T lymphocyte regulatory cytokines predict frailty in older adults

Frailty is a multi-system syndrome causing increased susceptibility to health insults in older adults. Immune system dysregulation and inflammaging have emerged as mechanisms that may affect multiple organ systems in the frailty syndrome. This present study seeks to define the immune state in community-dwelling adults suffering from frailty. We evaluated a subgroup of 169 individuals enrolled in the Gut-brain Alzheimers disease Inflammation and Neurocognitive Study (GAINS). Participants in the GAINS study were scored for frailty using the Clinical Frail Scale. A panel of 27 inflammatory cytokines was analyzed from the serum of each participant. Frailty was present in 33 (19.5%) of the cohort, and was correlated with age, malnutrition, and cognitive assessments. Statistical analysis adjusting for clinical covariates revealed higher serum levels of IL-2, IL-10, and IL-17 in frail patients.
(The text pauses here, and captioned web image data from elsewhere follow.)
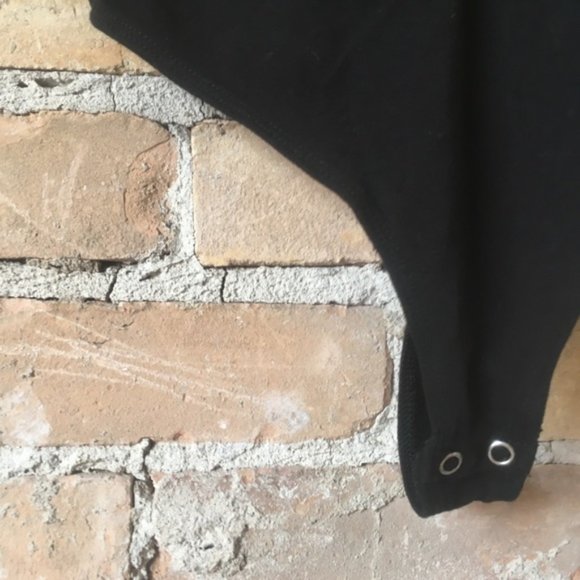 Express Black Body Suit - Picture 7 of 7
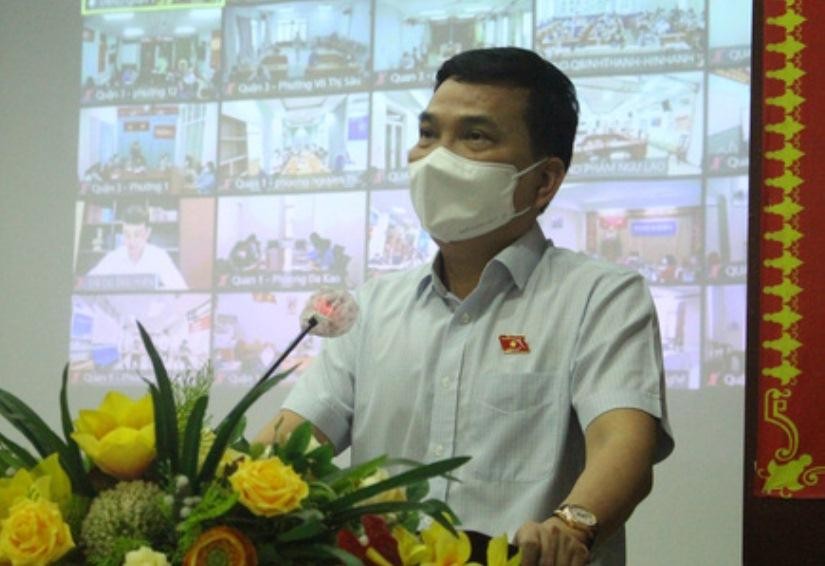 Đại tá Nguyễn Sỹ Quang, Phó Giám đốc Công an TPHCM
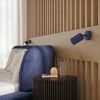 Appliques murales Aluminium Outremer GU10 1 Karbon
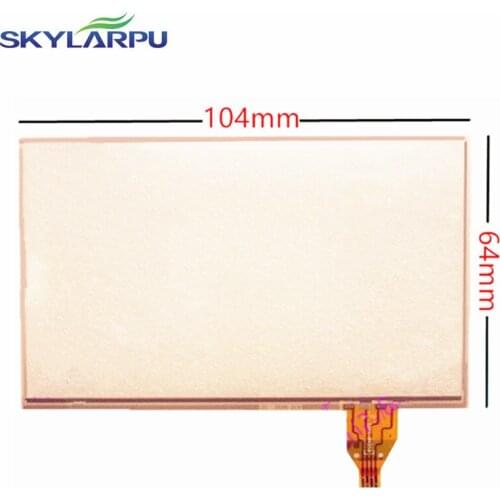 Skylarpu 4.3 inch touch screen 104mm*64mm commonly used tablet stylus touch screen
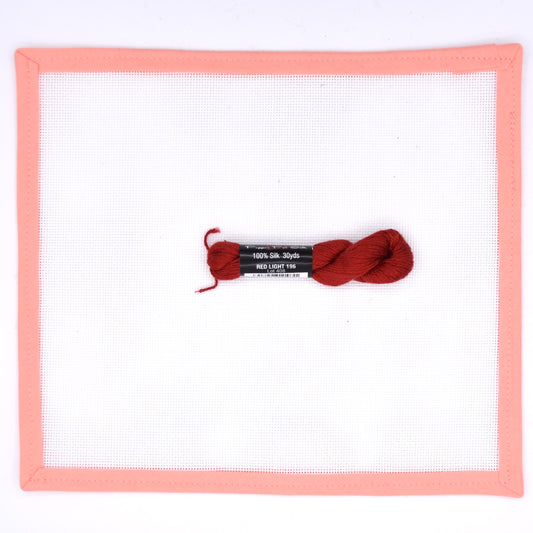 Pepper Pot Silk - Red Light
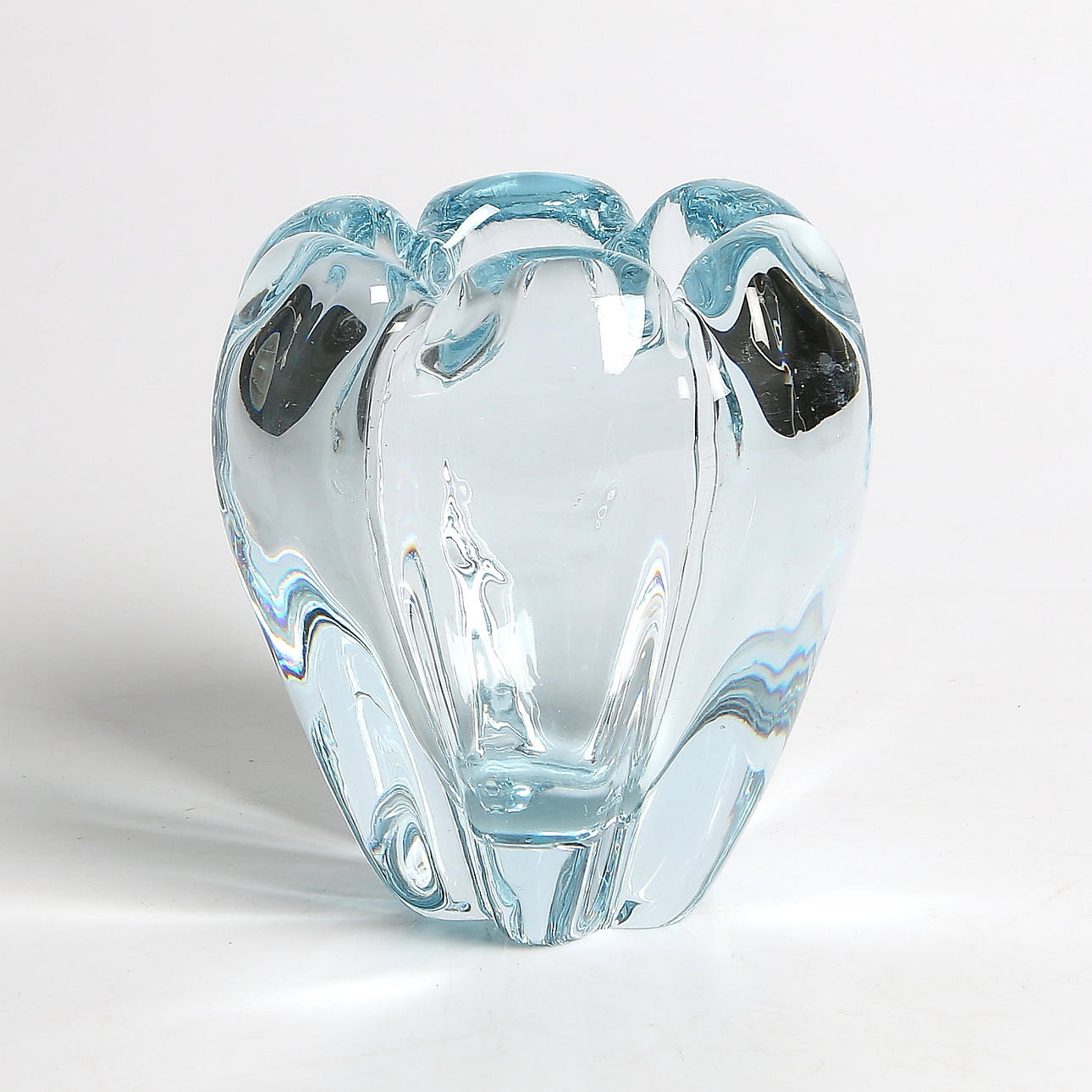 VAS, glas, Vicke Lindstrand, Orrefors.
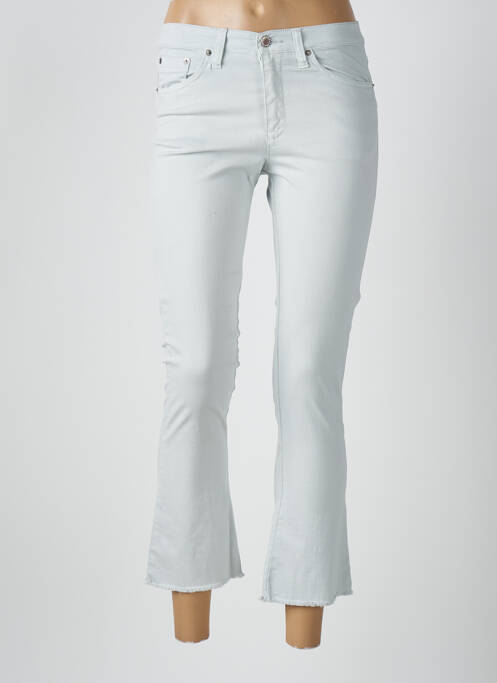 Pantalon 7/8 albastru WALTRON femeie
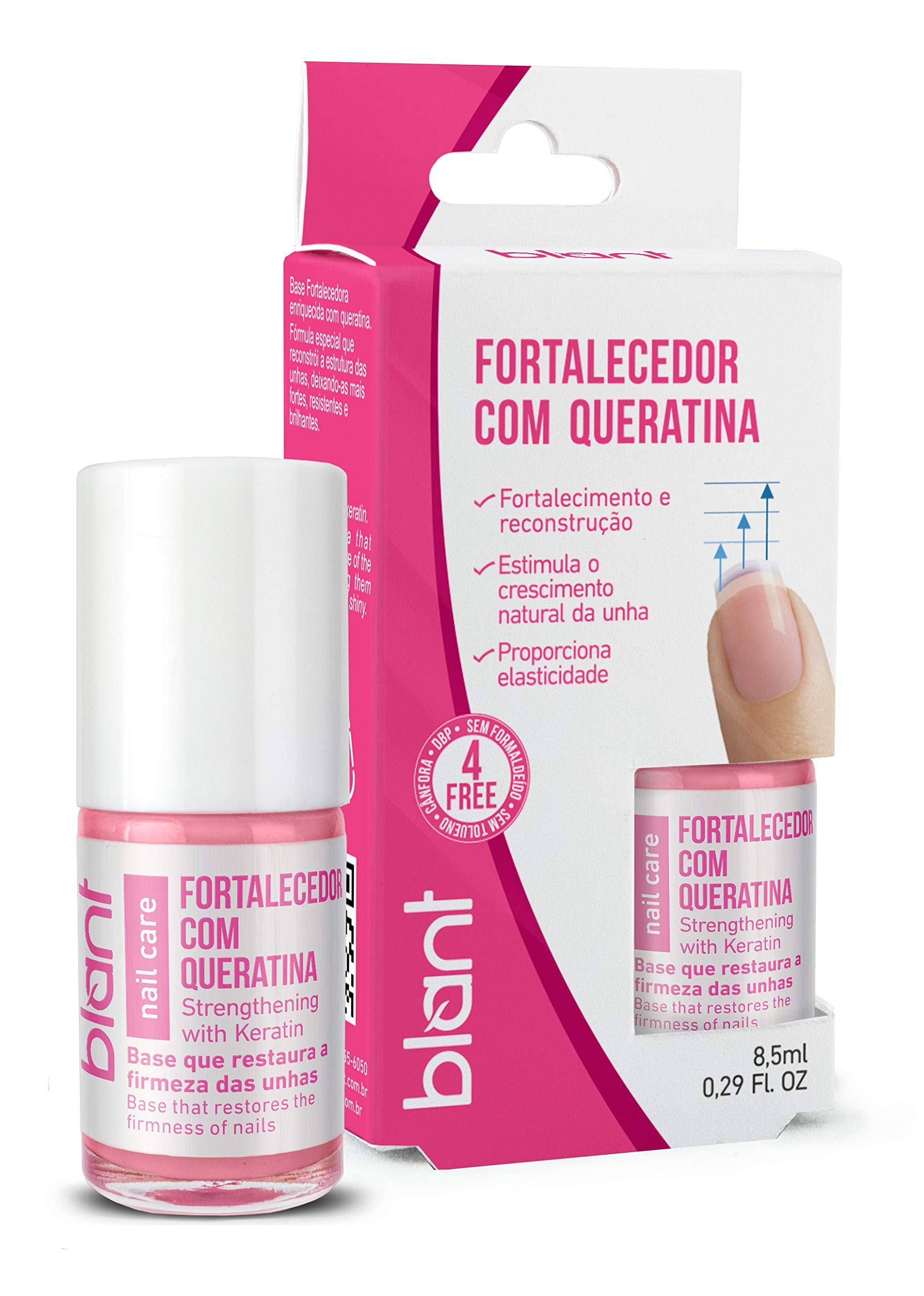 Blant Fortalecedor de Unhas com Queratina 8,5ml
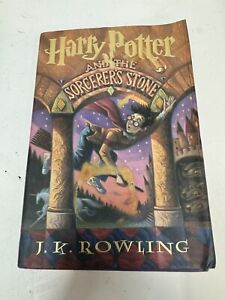 Harry Potter and the Sorcerer's Stone by J.K. Rowling 1st Edition HC Book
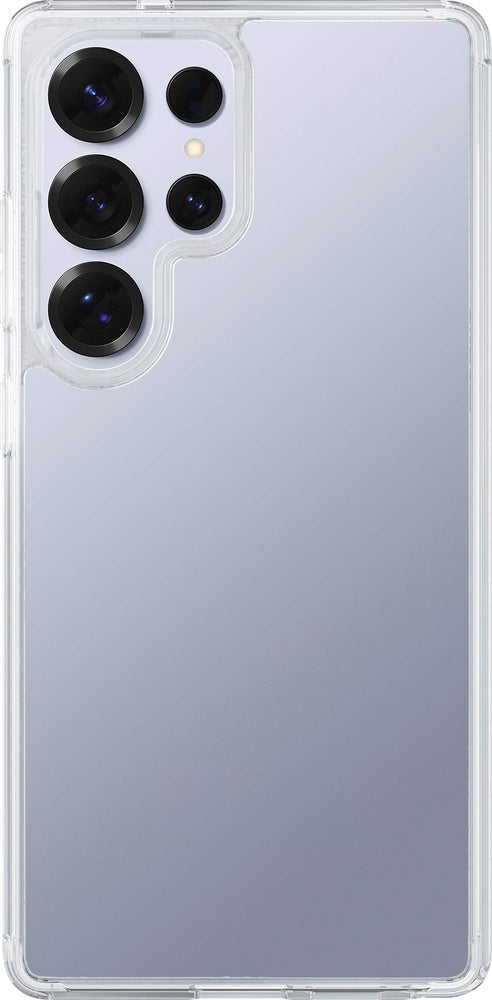 Insignia - Hard-Shell Case for Samsung Galaxy S25 Ultra - Clear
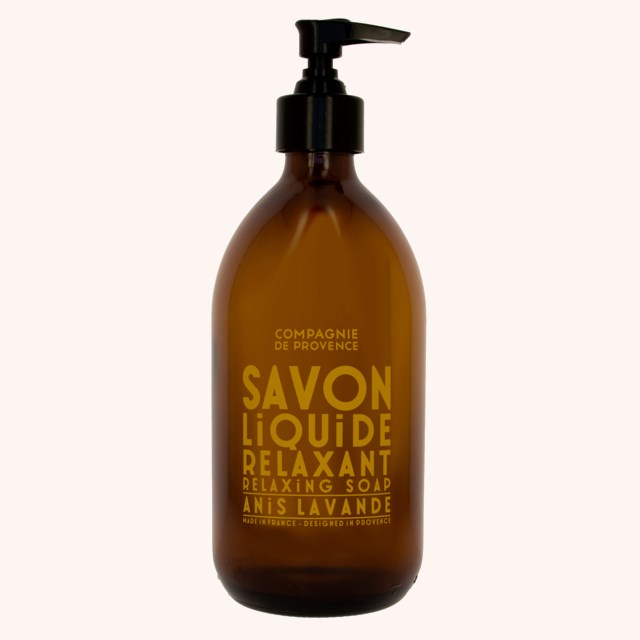 Liquid Marseille Soap Anise Lavender 495 ml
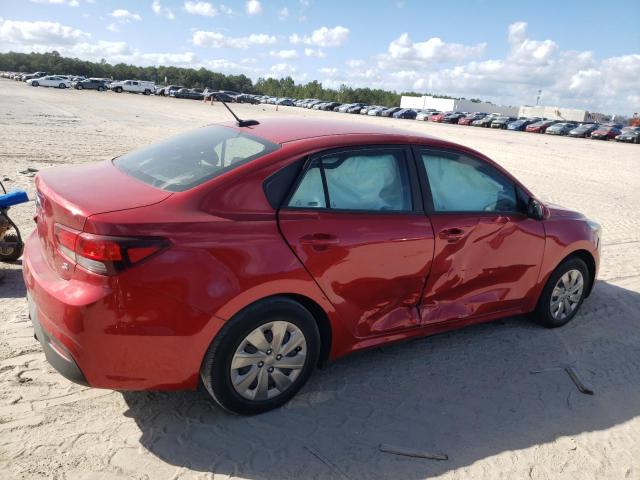 3KPA24AB2KE181442 - 2019 KIA RIO S RED photo 3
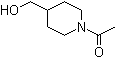 1-Acetyl-4-piperidinemethanol molecular structure (CAS 846057-27-0)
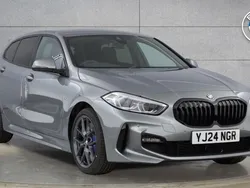 Grey Used 2024 BMW 118 M Sport Hatchback | £27,450 (A bit pricey)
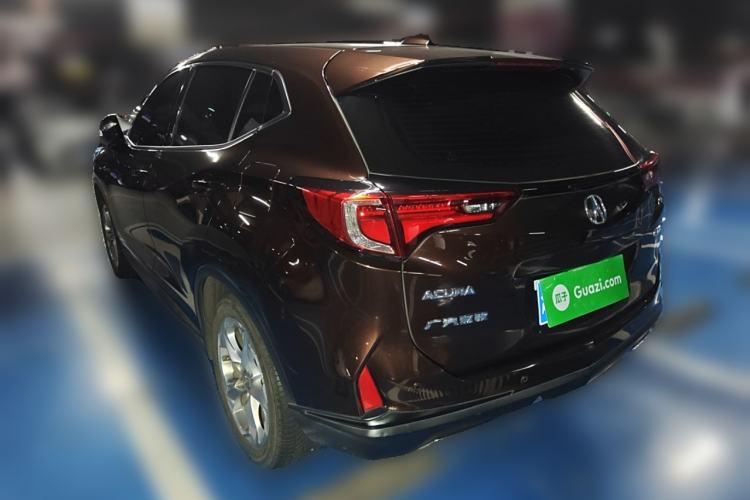 Used Acura CDX 2019 1.5T Two-Wheel Drive Comfort Edition Rear Left 45 Deg
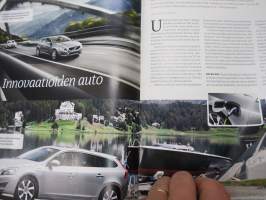 Volvo viesti 2012 syyskuu - Asiakaslehti -customer magazine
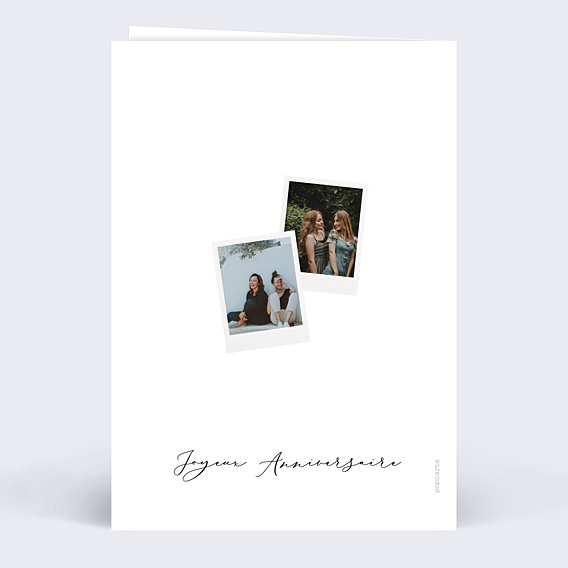 Anniversaire Adulte Pêle-Mêle 9 Polaroid
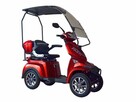 ELECTRORIDE FASTI 4: Elektryczny czterokołowiec z daszkiem - 2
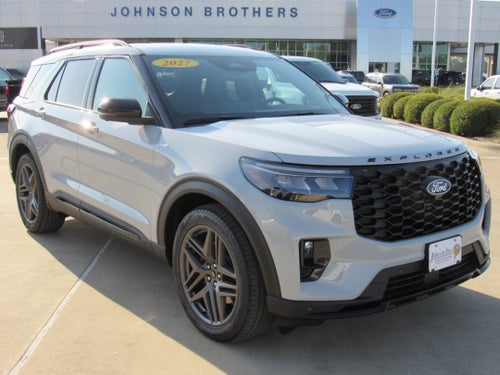 2027 Ford Explorer ST-Line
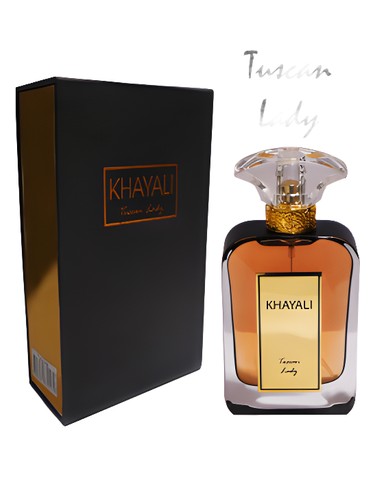 Khayali Tuscan Lady fragrance bottle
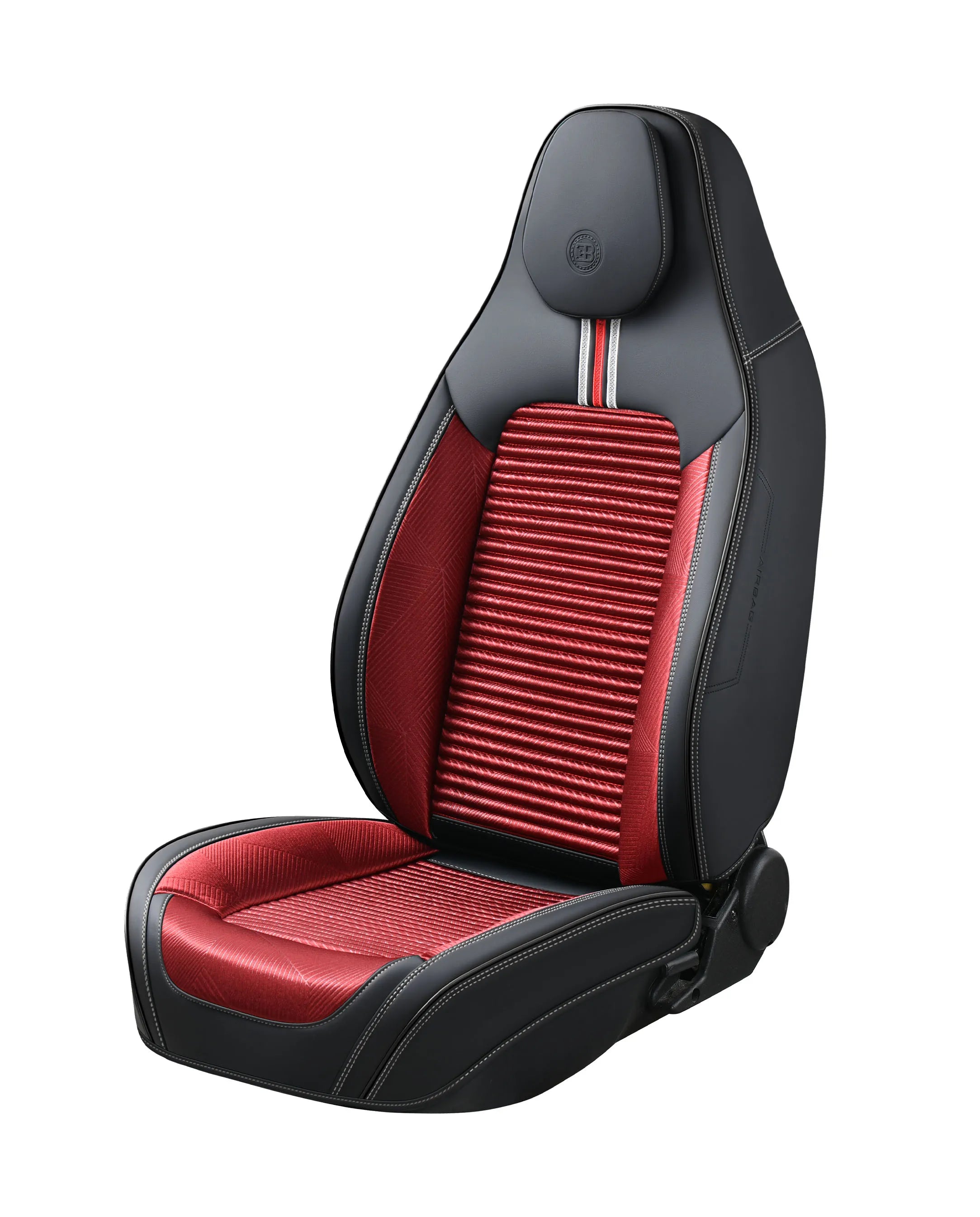 Custom Comfortable Luxury Waterproof Leather Adjustable Car Seat for Universal Auto Car Accessories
Using machine learning classification, we developed a predictive model of frailty with strong discriminative performance (AUC 0.78). Individual element analysis via Shapley Additive Explanations (SHAP) revealed that inflammatory markers had the greatest influence on the model, and IL-7 was the single most important element in the prediction of frailty. Together, our data demonstrate a novel pattern in which T-cell regulatory inflammatory molecules as mediators of frailty, implicating cellular immunity as a potential mechanism of dysfunctional aging.